# Introducing......



## dorasdaddy (Dec 23, 2008)

Not quite sure what to call her yet....  Any suggestions? Our other little girl is named Dora, and we thought maybe Boots since she has the cutest little black back feet

http://photobucket.com/Newbaby


----------



## Valley (Feb 12, 2009)

aww she's so super cute!


----------



## dorasdaddy (Dec 23, 2008)

Valley said:


> aww she's so super cute!


Thanks, and let me welcome you to the board...This is about the best support network you can find for these little prickly pears


----------



## Aleshea (Feb 13, 2009)

How about chloe!


----------



## stephanie (Feb 23, 2009)

Very cute! I like Chelsea for a name


----------



## dorasdaddy (Dec 23, 2008)

Shameless bump...lol


----------



## dorasdaddy (Dec 23, 2008)

My g/f suggested Hershey...since she is a little "squirt"...lol


----------



## Mongo911 (Jan 28, 2009)

dorasdaddy said:


> My g/f suggested Hershey...since she is a little "squirt"...lol


then you could call her kiss for short!!!


----------



## dorasdaddy (Dec 23, 2008)

Thanks for the suggestions, but it looks like we will be going with Amelia Dee.

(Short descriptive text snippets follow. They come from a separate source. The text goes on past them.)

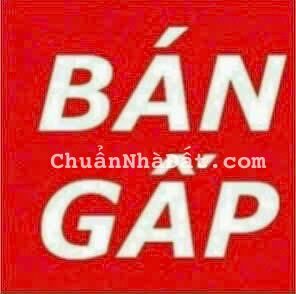 Ngộp Bán Gấp 2000m2 Đất Vườn, Xã Bình Đức, Bến Lức, SHR, Giá Rẻ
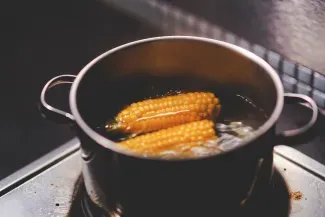 Россия запретит импорт сои и кукурузы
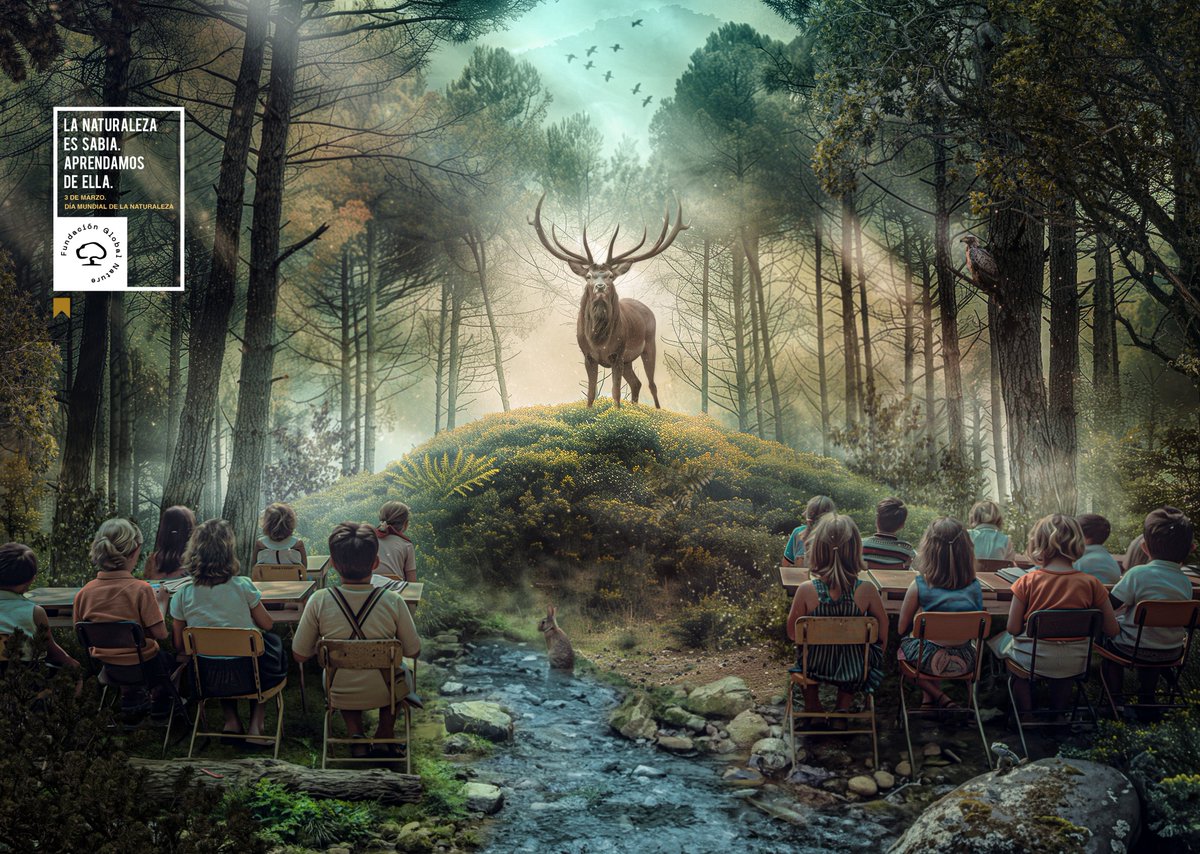 Reason Why tweet media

According to pettags.com Amelia is and adventurous hard working female...and Dee is a small, dark female....seems to be a perfect fit since she is up and running on her wheel earlier than our other little one and doesnt quit till about the same time.....she loves her wheel but has yet to show any interest in mealworms


----------



## Nancy (Aug 22, 2008)

She is a cutie.


----------